Orion Academy is a private high school in Concord, California, United States, for students with autism, nonverbal learning disorder (NLD), and other neurocognitive disabilities. It offers a special education college preparatory program for grades 9-12.

The school maintains a staff-to-student ratio of 1:4 with an average class size of eight. Over 90% of its graduates attend college or post-secondary training. In 2010, there were 80 students enrolled in total. In 2017, there were 44 currently enrolled students.

==History==
Orion Academy is accredited by the Western Association of Schools and Colleges (WASC), has a 180-day curriculum, and is approved as a nonpublic school by the State of California.

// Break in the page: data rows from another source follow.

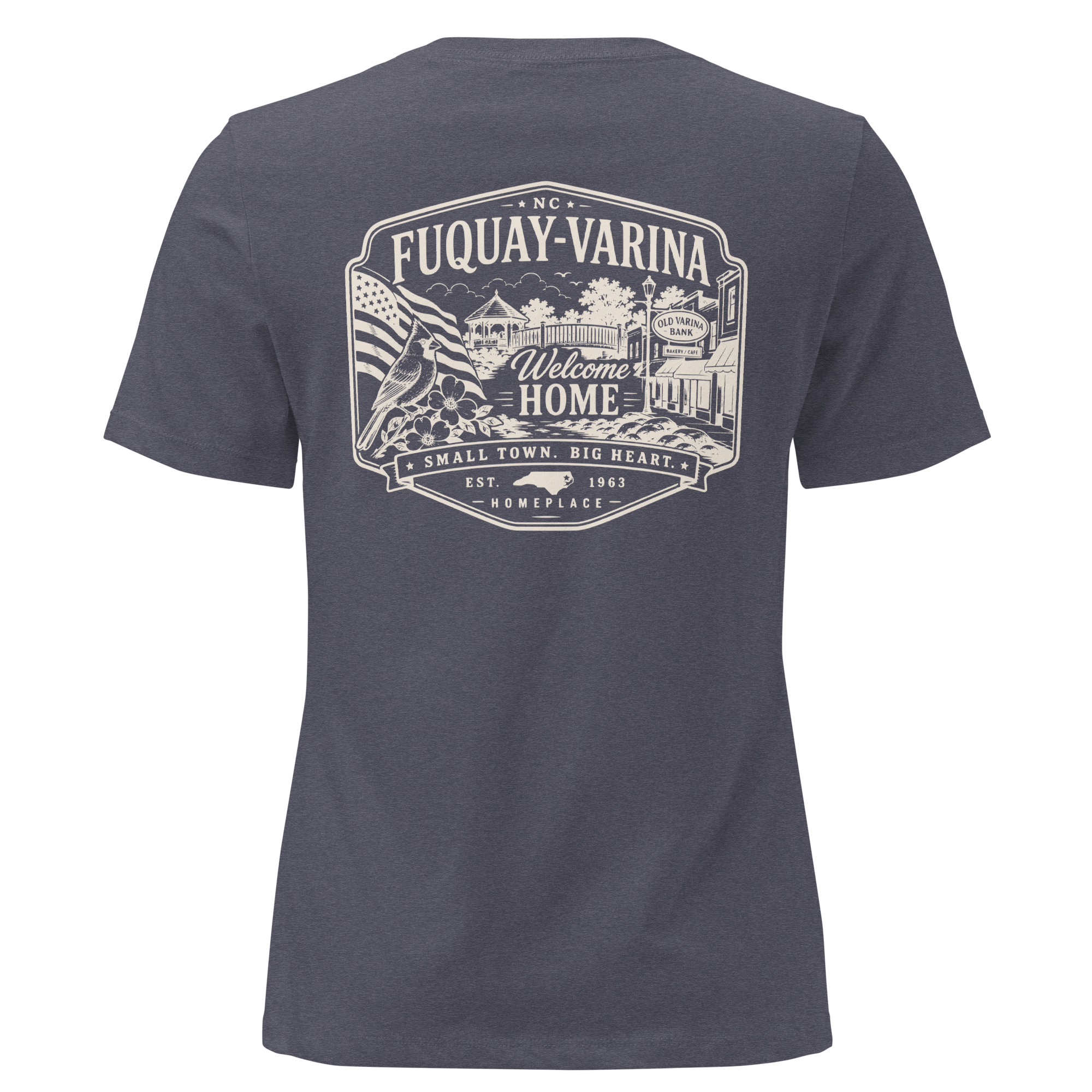 Fuquay-Varina, NC - Welcome Home - Women's Relaxed T-Shirt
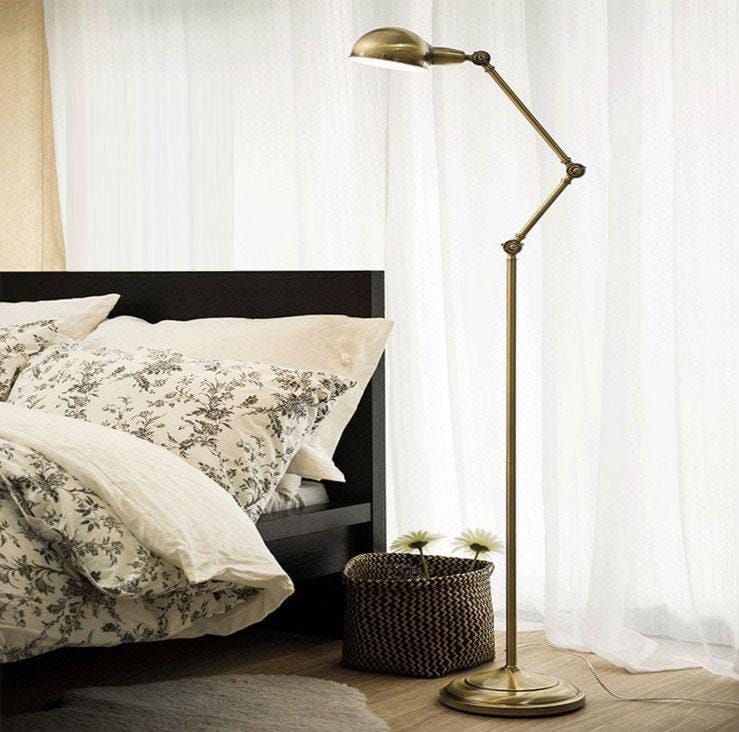 Meronze | Floor Lamp Swing Arm - Detail View #2 | HomeCartel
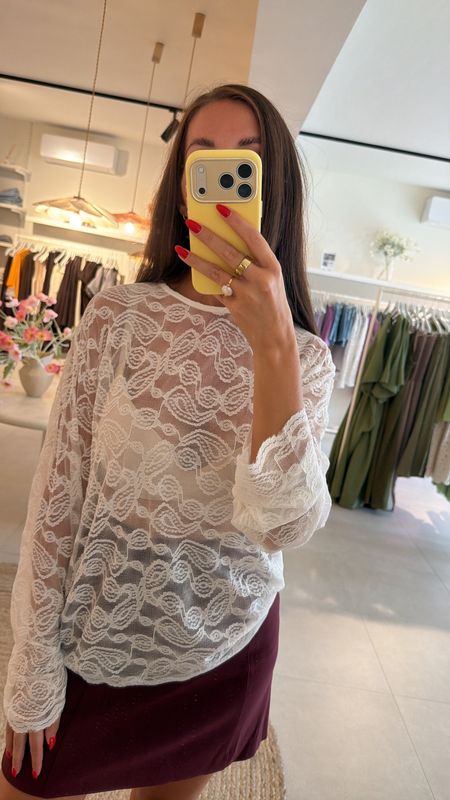 Lace Top White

Kathryn Stewart is Orion Academy's Executive Director. In 1988, Sue Thompson, Judy Lewis, and, all involved with nonverbal learning disorder, met with Stewart to ask her to set up a school for students with NLD or Asperger's syndrome. They introduced Stewart to Aaron and Val Simon, parents of a child with Asperger's syndrome who were interested in funding a school. With funding from the Simons, after two years of planning meetings, Orion Academy welcomed its first eight students taught by four teachers in September 2000. By June 2001, there were twelve students.

In 2022, Orion Academy relocated from Moraga, California to its current location in Concord.

== Offerings ==
Orion Academy has teachers in language arts, math, science, special education, social science, and social skills.

More than 35 college preparatory courses are offered to approximately 60 students with a staff including 20 professionals in total. Extracurricular activities include chess club, student council, a travel program, and a track team. Orion-specific activities include the Dog Program, a mandatory personal project class, social skills groups, laptop computers as a basis of all work done by students, mandated volunteer experiences, and internship opportunities.